Apendi que também atuou em projetos para a televisão como “Vinte poucos anos”, “Tudo de Bom”, “Popstars” e “Central da periferia”, exibidos pela TV Globo. Devo dizer que desse conjunto o mais revelador foi sua produção para adolescentes, como os episódios da série “Pedro & Bianca”, ganhador do Emmy no 2º Emmy Kids Awards e do Prix Jeunesse Iberoamericano.
Acabo de ver seu recente “Doutor Gama” e estou ainda impactado. Embora quisesse assisti-lo como público, o olhar de historiador me traiu. E foi assim que me investi para medir detalhes de sua articulação narrativa.

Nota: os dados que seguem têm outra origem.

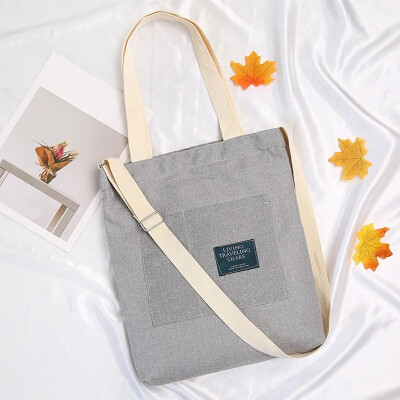 

Women Canvas Handbag Shoulder Bag Letter Applique Large Capacity Shopping Totes Crossbody Bag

Parabéns: temas históricos pertinentes - em particular o vínculo da escravidão com o programa republicano - e nele, o protagonismo abolicionista do poeta Luiz Gama. De igual força, a abordagem do ilustre defensor de escravizados com seu mentor e futuro desafeto Furtado de Mendonça, nossa que cenas arrebatadoras. E nem o romance familiar lhe escapou. Parabéns, Jefferson o filme é uma beleza, com excelentes interpretações e cenários convincentes, um divisor de águas não apenas como cinema negro.
Ao longo de tanta produção, quis saber, meu caro Jefferson, de alguns detalhes que fogem dos filmes, e me encantei com a leitura do seu atrevido manifesto “Dogma Feijoada” texto pelo qual você parodia o sagrado “Dogma 95”, traduzindo para o cinema nacional negro as sugestões dos mestres Thomas Vinterberg e Lars Von Trier. E que ironia a sua ao apresentar as sete regras para a superação dos limites: direção, atores, temas, roteiros, custo, abordagens cotidianas e cronograma, tudo preto e possível. Tudo discutindo o Brasil. Tudo feito com muita teoria e intenção. Tudo tão tudo! Uma aula de economia e função cinematográficas. Em síntese, você é uma provocação à cultura brasileira que quer se “desoficializar”.
Optei por escrever-lhe uma carta aberta pois acho que tenho um endereço maior e que vai além de uma saudação pessoal. E, então, me pergunto por que você não faz milagre em terra própria? Sei de um esforço empreendido pela equipe de Pedro Rubim, mas só isso. Pouco, né?! Mas assim é que encontro uma resposta que faz sentido no seu desempenho não transparecido na terrinha. O programa de minha geração, de homem, branco, classe média, não deixava reconhecer o protagonismo de negros que, afinal, não pertenciam a mesma condição. Reconhecê-lo agora por sua obra me faz perceber a gravidade consequente da imagem refletida no espelho da desigualdade. E em Taubaté isto é dilatado por um entranhado conservadorismo classista.
Seu protesto no nome assumido Jefferson “de”, ao tirar o “de Resende”, referência ao senhor que escravizou seus antepassados escravizados, me permite uma sugestão: desculpe-nos, seus conterrâneos estruturalmente ingratos, e permita-nos chamá-lo Jefferson de Taubaté.
Receba meu abraço reconhecido.
José Carlos Sebe Bom Meihy, ou se preferir: professor Sebe de Taubaté.